Walking tasks encountered by urban-dwelling adults and persons with incomplete spinal cord injuries
Kristin E. Musselman and Jaynie F. Yang
Objective: Gait retraining should target the walking skills most needed for independence in the home and community. The main objective of this study was to document the walking tasks most commonly encountered in daily life by able-bodied adults. The study also compared participation in walking tasks between able-bodied adults and persons with incomplete spinal cord injuries.
Participants: Convenience sample of 50 able-bodied adults and 16 ambulatory, community-dwelling persons with incomplete spinal cord injuries.
Methods: A walking survey was developed, and its content validity and concurrent validity confirmed. Participants used the survey to document the frequency with which walking tasks were encountered during a full waking day.
Results: Frequently encountered tasks included walking on smooth and rough surfaces, opening/closing doors and carrying objects.

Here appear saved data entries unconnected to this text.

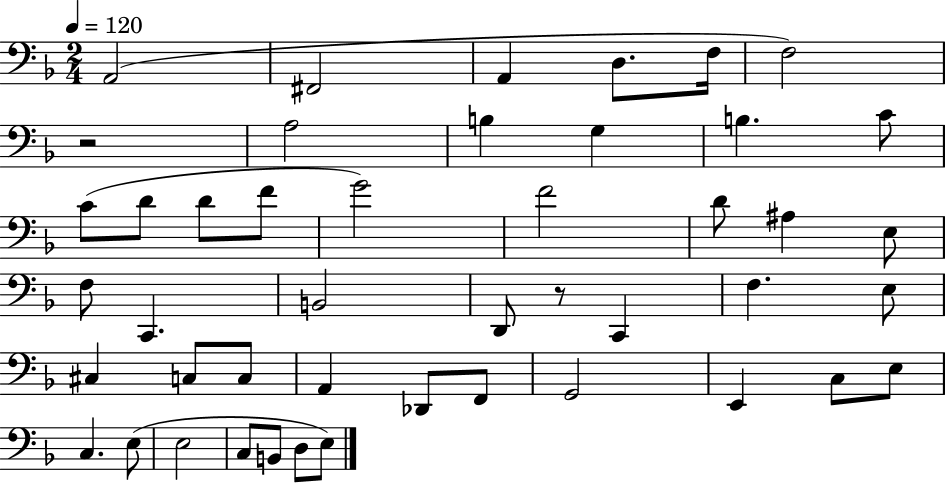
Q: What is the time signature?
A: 2/4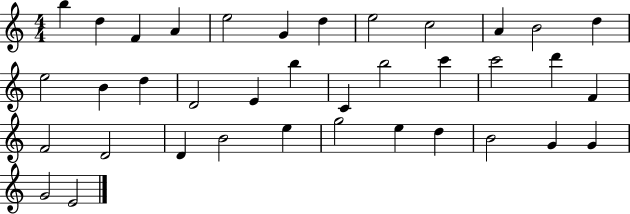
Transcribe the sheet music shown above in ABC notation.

X:1
T:Untitled
M:4/4
L:1/4
K:C
b d F A e2 G d e2 c2 A B2 d e2 B d D2 E b C b2 c' c'2 d' F F2 D2 D B2 e g2 e d B2 G G G2 E2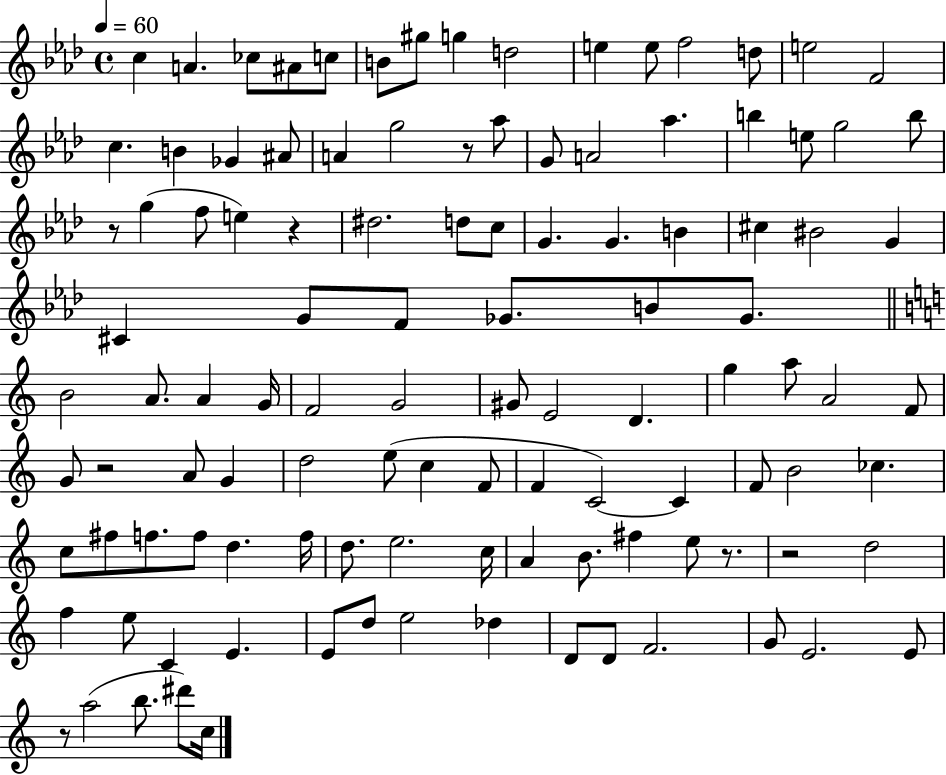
{
  \clef treble
  \time 4/4
  \defaultTimeSignature
  \key aes \major
  \tempo 4 = 60
  \repeat volta 2 { c''4 a'4. ces''8 ais'8 c''8 | b'8 gis''8 g''4 d''2 | e''4 e''8 f''2 d''8 | e''2 f'2 | \break c''4. b'4 ges'4 ais'8 | a'4 g''2 r8 aes''8 | g'8 a'2 aes''4. | b''4 e''8 g''2 b''8 | \break r8 g''4( f''8 e''4) r4 | dis''2. d''8 c''8 | g'4. g'4. b'4 | cis''4 bis'2 g'4 | \break cis'4 g'8 f'8 ges'8. b'8 ges'8. | \bar "||" \break \key a \minor b'2 a'8. a'4 g'16 | f'2 g'2 | gis'8 e'2 d'4. | g''4 a''8 a'2 f'8 | \break g'8 r2 a'8 g'4 | d''2 e''8( c''4 f'8 | f'4 c'2~~) c'4 | f'8 b'2 ces''4. | \break c''8 fis''8 f''8. f''8 d''4. f''16 | d''8. e''2. c''16 | a'4 b'8. fis''4 e''8 r8. | r2 d''2 | \break f''4 e''8 c'4 e'4. | e'8 d''8 e''2 des''4 | d'8 d'8 f'2. | g'8 e'2. e'8 | \break r8 a''2( b''8. dis'''8) c''16 | } \bar "|."
}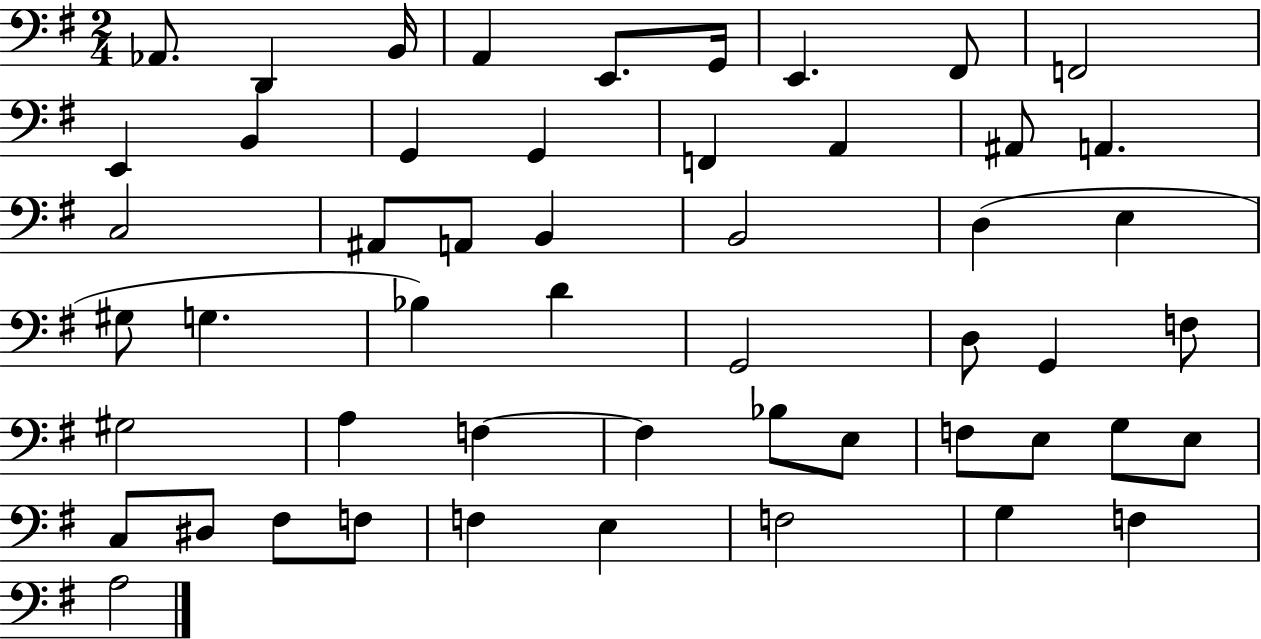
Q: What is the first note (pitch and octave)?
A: Ab2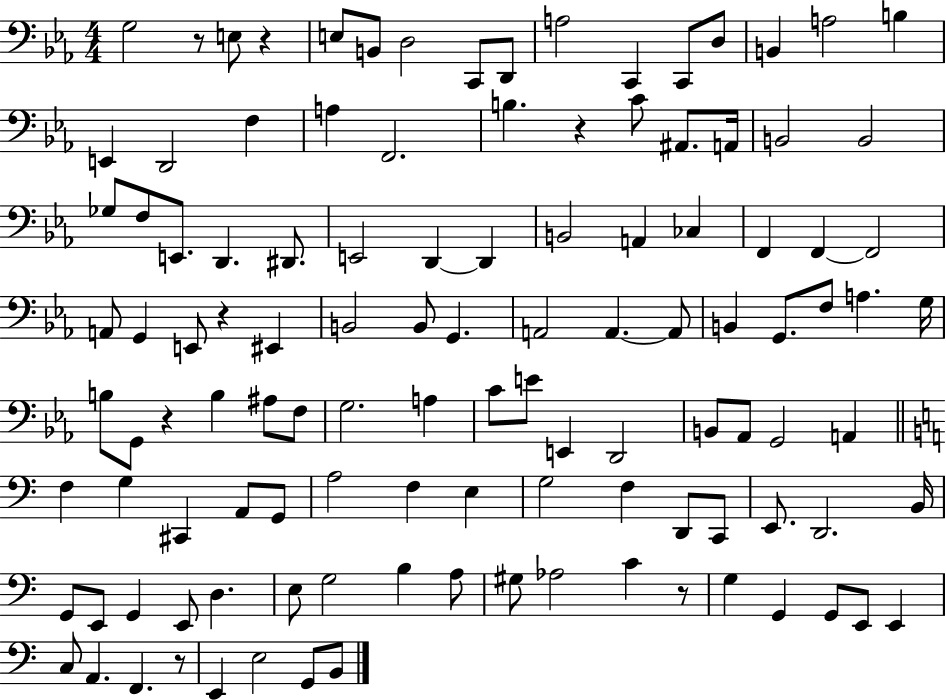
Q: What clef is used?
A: bass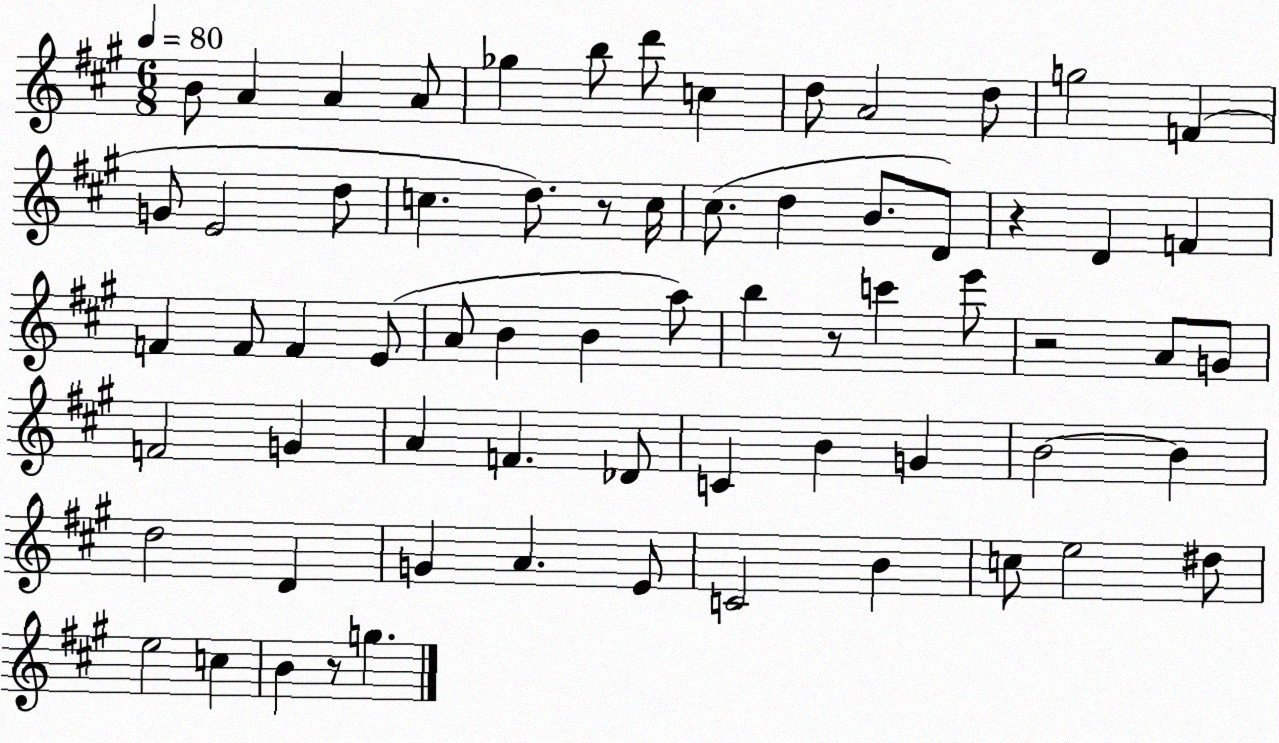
X:1
T:Untitled
M:6/8
L:1/4
K:A
B/2 A A A/2 _g b/2 d'/2 c d/2 A2 d/2 g2 F G/2 E2 d/2 c d/2 z/2 c/4 ^c/2 d B/2 D/2 z D F F F/2 F E/2 A/2 B B a/2 b z/2 c' e'/2 z2 A/2 G/2 F2 G A F _D/2 C B G B2 B d2 D G A E/2 C2 B c/2 e2 ^d/2 e2 c B z/2 g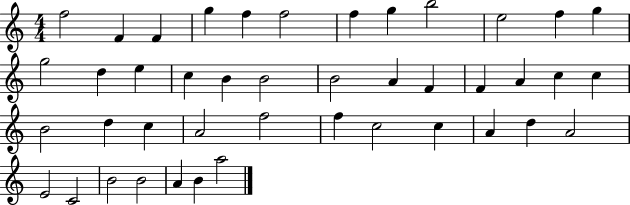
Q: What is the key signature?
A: C major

Tasks encountered more than once per day by the majority of able-bodied participants included negotiating obstacles, walking on uneven and sloped surfaces, in crowded environments, narrow spaces, and on steps and stairs. Participants with spinal cord injuries encountered fewer tasks, including many of those frequently encountered by able-bodied participants.
Conclusion: The findings identify the important walking tasks for ambulation in the home and community. These tasks should be included in therapy programs aiming to retrain functional walking.